Überall immer nur dieselben Geschichten und Genres, endlose Ansammlungen von Helden in Strumpfhosen und neu aufgekochten Abenteuern, die vor fünfzig, dreißig oder sogar zehn Jahren schon besser erzählt wurden. Dieses Wochenende habe ich The Amazing Spider-Man durchlitten und obwohl ich ungern in den allgemeinen Pessimismus bezüglich der Ideenlosigkeit Hollywoods einstimme, war ich bei Ansicht des Films kurzzeitig so weit, eine Brandschrift gegen Reboots zu schreiben. Diese Wut verflog allerdings ebenso schnell wie die Schaumkrone auf meinem Jever. Allein ein Blick auf die Kinostarts der zweiten Jahreshälfte 2012 lässt Optimismus aufkeimen. Denn wie die beiden New York Times-Autoren Manohla Dargis und A.O. Scott jüngst in einem Artikel feststellen, trauen sich immer mehr Big Budget-Produktionen, mit traditionellen Erzählkonventionen zu spielen. Daran sind unsere veränderten Sehgewohnheiten nicht ganz unbeteiligt.

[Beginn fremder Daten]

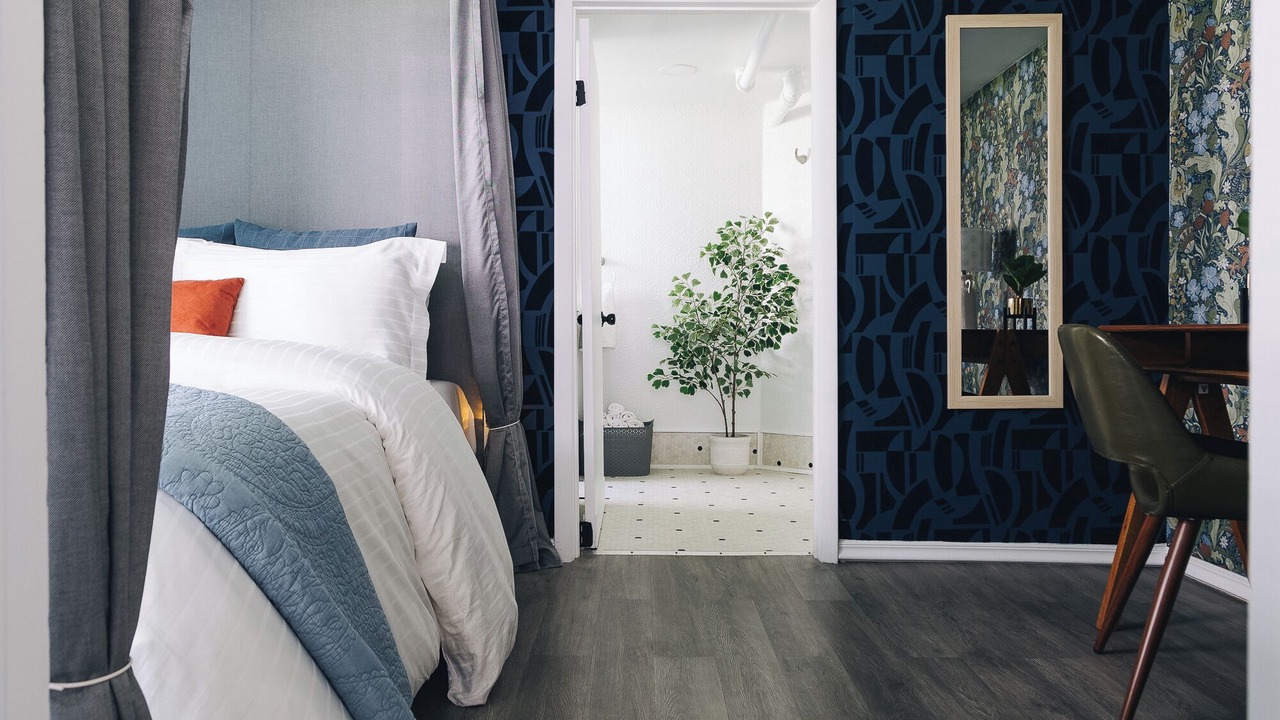 Photo of Bedroom in Irving Park East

In ihrem schriftlichen Zwiegespräch diskutieren Dargis und Scott über die sogenannten Mind Game Movies, eine Bezeichnung, die auf den Filmtheoretiker Thomas Elsaesser zurückgeht. In jüngeren und durchaus unterschiedlichen Filmen wie Anna Karenina, Cloud Atlas – Alles ist verbunden, Life of Pi: Schiffbruch mit Tiger, The Master und Holy Motors werde mit den klassischen Erzählkonventionen gespielt. Konkret bedeutet dies: Die Filme verzichten auf oder spielen mit linearen Erzählweisen und eröffnen den Zuschauern mehr Rätsel, als dass sie Erklärungen bieten. Dazu meint A.O. Scott: “Es ist witzig, wie die Leute sich über Spoiler aufregen, obwohl sich so viele Geschichten ähneln. Das liegt zum Teil daran, dass viele Filme es sich in etablierten Genres gemütlich machen und oft suchen Zuschauer gerade diese angenehme Vertrautheit. Wir wissen, welche RomCom-Figuren zusammenkommen, genauso wie wir wissen, dass der Franchise-Held – egal ob Harry Potter, James Bond oder Spider-Man – den Anstrengungen des fiesen Bösewichts widerstehen wird, und dieses Vorwissen bietet die Grundlage für die Thrills und Spannung, die wir auf dem Weg dahin durchleben.”
In dem Artikel verweist A.O. Scott darauf, dass Genre-Konventionen nicht an sich negativ konnotiert sind, immerhin folgen einige der großen Klassiker des Kinos einfachen Erzählmustern, die schon Märchen strukturierten. Doch ebenso sei es spannend, etwas neues, etwas riskantes zu betrachten und genau das meinen die beiden New York Times-Autoren in oben genannten Filmen zu erkennen. In Anna Karenina wird die altbekannte Geschichte der russischen Titelheldin als komplexes Bühnenspektakel inszeniert, in das sich der Zuschauer erst einmal einarbeiten muss. Life of Pi, ebenfalls eine Literaturverfilmung, verlässt sich auf eine scheinbar simple Parabel, um dem Zuschauer am Ende den Boden unter den Füßen wegzureißen. The Master und Holy Motors, die arthousigsten Einträge, die Scott und Dargis nennen, verzichten ebenfalls auf klassische Erzählmuster und übergeben die Deutungshoheit gleich ganz an den Zuschauer. Das 100 Millionen Dollar-Abenteuer Cloud Atlas von Andy Wachowski, Lana Wachowski und Tom Tykwer verschachtelt gar sechs verschiedene Geschichten aus sechs verschiedenen Zeitebenen und garniert das Ganze mit einem kleinen Cast und ganz vielen Masken.